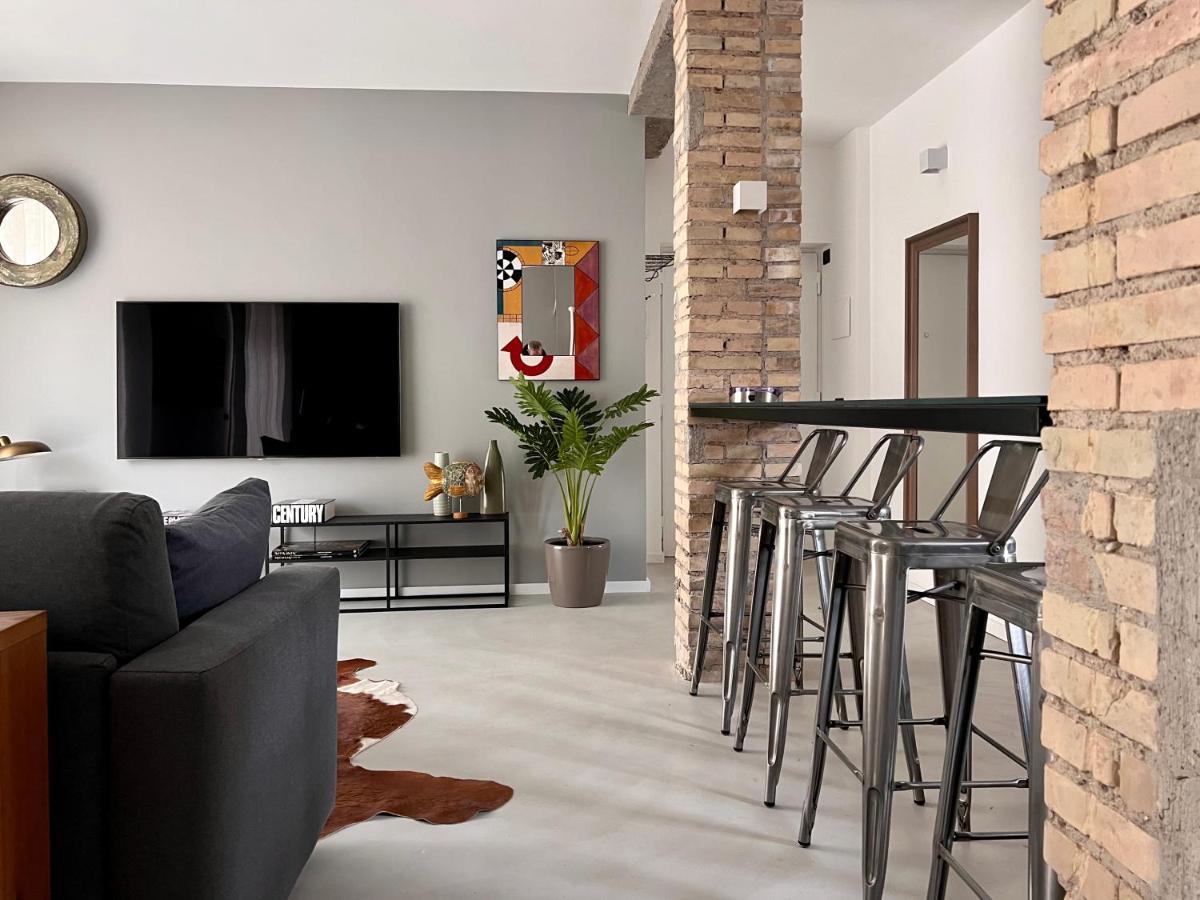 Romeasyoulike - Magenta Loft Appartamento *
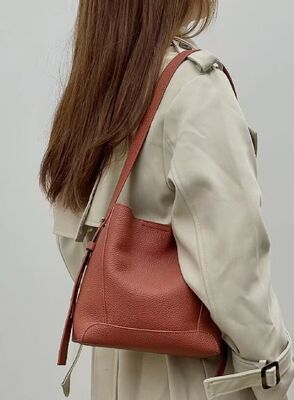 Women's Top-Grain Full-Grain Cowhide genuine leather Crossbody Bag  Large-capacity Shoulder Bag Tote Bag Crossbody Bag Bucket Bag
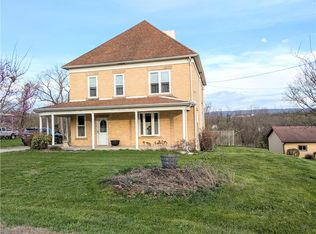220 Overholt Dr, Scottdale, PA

> Task goal
The answer is the full listing above, repeated exactly, with its pictures removed.

> Solution
 Romeasyoulike - Magenta Loft Appartamento *
 Women's Top-Grain Full-Grain Cowhide genuine leather Crossbody Bag  Large-capacity Shoulder Bag Tote Bag Crossbody Bag Bucket Bag
220 Overholt Dr, Scottdale, PA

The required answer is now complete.